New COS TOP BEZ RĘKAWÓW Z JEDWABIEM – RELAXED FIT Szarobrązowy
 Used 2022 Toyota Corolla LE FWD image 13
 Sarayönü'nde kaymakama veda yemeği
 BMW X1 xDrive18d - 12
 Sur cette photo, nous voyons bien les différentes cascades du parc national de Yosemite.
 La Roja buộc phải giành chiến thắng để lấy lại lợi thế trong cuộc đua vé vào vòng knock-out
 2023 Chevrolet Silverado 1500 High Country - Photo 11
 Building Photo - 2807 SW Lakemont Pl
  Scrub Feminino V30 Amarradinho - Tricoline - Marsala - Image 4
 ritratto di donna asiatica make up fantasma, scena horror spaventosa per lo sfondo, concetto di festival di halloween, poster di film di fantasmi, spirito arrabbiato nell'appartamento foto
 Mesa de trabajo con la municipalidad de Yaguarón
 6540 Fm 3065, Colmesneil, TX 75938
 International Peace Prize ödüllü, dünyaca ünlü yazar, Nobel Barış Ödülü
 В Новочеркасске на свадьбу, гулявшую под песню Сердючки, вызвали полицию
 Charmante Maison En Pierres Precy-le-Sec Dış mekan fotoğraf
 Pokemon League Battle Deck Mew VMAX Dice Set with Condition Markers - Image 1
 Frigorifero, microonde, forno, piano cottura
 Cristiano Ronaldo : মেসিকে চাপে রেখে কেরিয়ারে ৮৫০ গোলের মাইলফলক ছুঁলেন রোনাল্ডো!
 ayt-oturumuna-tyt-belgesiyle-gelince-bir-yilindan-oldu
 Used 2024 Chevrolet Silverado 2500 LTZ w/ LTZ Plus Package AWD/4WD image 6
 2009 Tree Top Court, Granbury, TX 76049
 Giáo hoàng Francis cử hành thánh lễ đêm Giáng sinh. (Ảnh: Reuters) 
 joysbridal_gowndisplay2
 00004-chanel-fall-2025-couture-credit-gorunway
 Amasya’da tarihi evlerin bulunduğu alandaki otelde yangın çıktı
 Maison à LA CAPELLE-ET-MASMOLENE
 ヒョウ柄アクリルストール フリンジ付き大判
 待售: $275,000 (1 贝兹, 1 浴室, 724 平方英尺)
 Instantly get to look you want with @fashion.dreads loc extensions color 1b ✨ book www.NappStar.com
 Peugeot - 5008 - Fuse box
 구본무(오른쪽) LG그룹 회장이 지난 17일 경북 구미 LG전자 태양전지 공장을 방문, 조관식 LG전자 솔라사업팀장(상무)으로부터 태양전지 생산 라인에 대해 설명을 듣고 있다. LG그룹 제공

:: WORK ITEM ::
Every line of the listing above is to be written out again exactly.

:: SOLUTION FOR THIS PROBLEM ::
New COS TOP BEZ RĘKAWÓW Z JEDWABIEM – RELAXED FIT Szarobrązowy
 Used 2022 Toyota Corolla LE FWD image 13
 Sarayönü'nde kaymakama veda yemeği
 BMW X1 xDrive18d - 12
 Sur cette photo, nous voyons bien les différentes cascades du parc national de Yosemite.
 La Roja buộc phải giành chiến thắng để lấy lại lợi thế trong cuộc đua vé vào vòng knock-out
 2023 Chevrolet Silverado 1500 High Country - Photo 11
 Building Photo - 2807 SW Lakemont Pl
  Scrub Feminino V30 Amarradinho - Tricoline - Marsala - Image 4
 ritratto di donna asiatica make up fantasma, scena horror spaventosa per lo sfondo, concetto di festival di halloween, poster di film di fantasmi, spirito arrabbiato nell'appartamento foto
 Mesa de trabajo con la municipalidad de Yaguarón
 6540 Fm 3065, Colmesneil, TX 75938
 International Peace Prize ödüllü, dünyaca ünlü yazar, Nobel Barış Ödülü
 В Новочеркасске на свадьбу, гулявшую под песню Сердючки, вызвали полицию
 Charmante Maison En Pierres Precy-le-Sec Dış mekan fotoğraf
 Pokemon League Battle Deck Mew VMAX Dice Set with Condition Markers - Image 1
 Frigorifero, microonde, forno, piano cottura
 Cristiano Ronaldo : মেসিকে চাপে রেখে কেরিয়ারে ৮৫০ গোলের মাইলফলক ছুঁলেন রোনাল্ডো!
 ayt-oturumuna-tyt-belgesiyle-gelince-bir-yilindan-oldu
 Used 2024 Chevrolet Silverado 2500 LTZ w/ LTZ Plus Package AWD/4WD image 6
 2009 Tree Top Court, Granbury, TX 76049
 Giáo hoàng Francis cử hành thánh lễ đêm Giáng sinh. (Ảnh: Reuters) 
 joysbridal_gowndisplay2
 00004-chanel-fall-2025-couture-credit-gorunway
 Amasya’da tarihi evlerin bulunduğu alandaki otelde yangın çıktı
 Maison à LA CAPELLE-ET-MASMOLENE
 ヒョウ柄アクリルストール フリンジ付き大判
 待售: $275,000 (1 贝兹, 1 浴室, 724 平方英尺)
 Instantly get to look you want with @fashion.dreads loc extensions color 1b ✨ book www.NappStar.com
 Peugeot - 5008 - Fuse box
 구본무(오른쪽) LG그룹 회장이 지난 17일 경북 구미 LG전자 태양전지 공장을 방문, 조관식 LG전자 솔라사업팀장(상무)으로부터 태양전지 생산 라인에 대해 설명을 듣고 있다. LG그룹 제공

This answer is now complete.